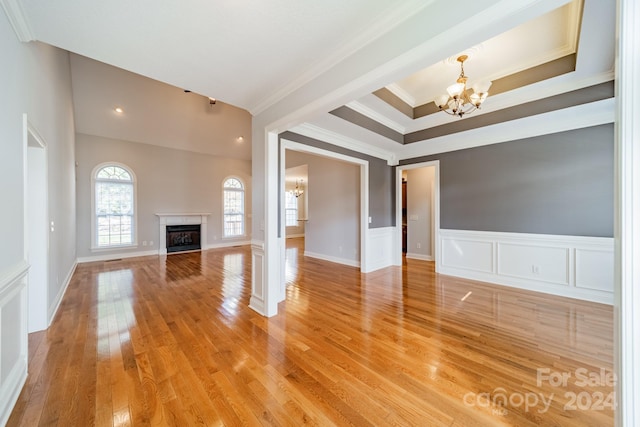 unfurnished living room featuring a high end fireplace, ornamental molding, a tray ceiling, hardwood / wood-style flooring, and a notable chandelier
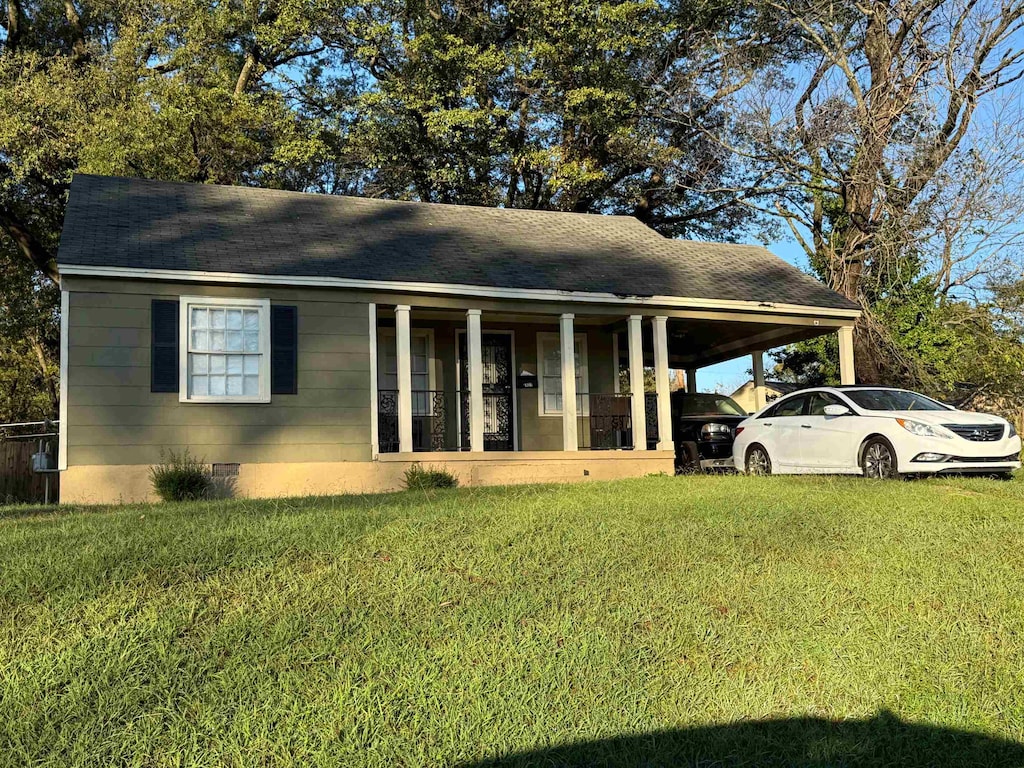 view of front of house with covered porch, a front yard, and a carport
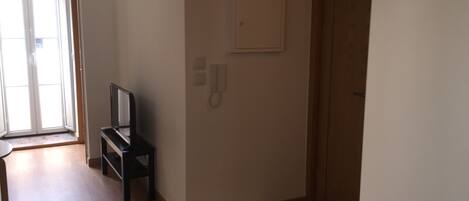 A hallway with a wooden floor, a door, a wall-mounted telephone, and a television on a stand.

> _Exercise goal_: Transcribe all the lines above exactly; any image among them is skipped.

> _Response_:
 unfurnished living room featuring a high end fireplace, ornamental molding, a tray ceiling, hardwood / wood-style flooring, and a notable chandelier
 view of front of house with covered porch, a front yard, and a carport
 A hallway with a wooden floor, a door, a wall-mounted telephone, and a television on a stand.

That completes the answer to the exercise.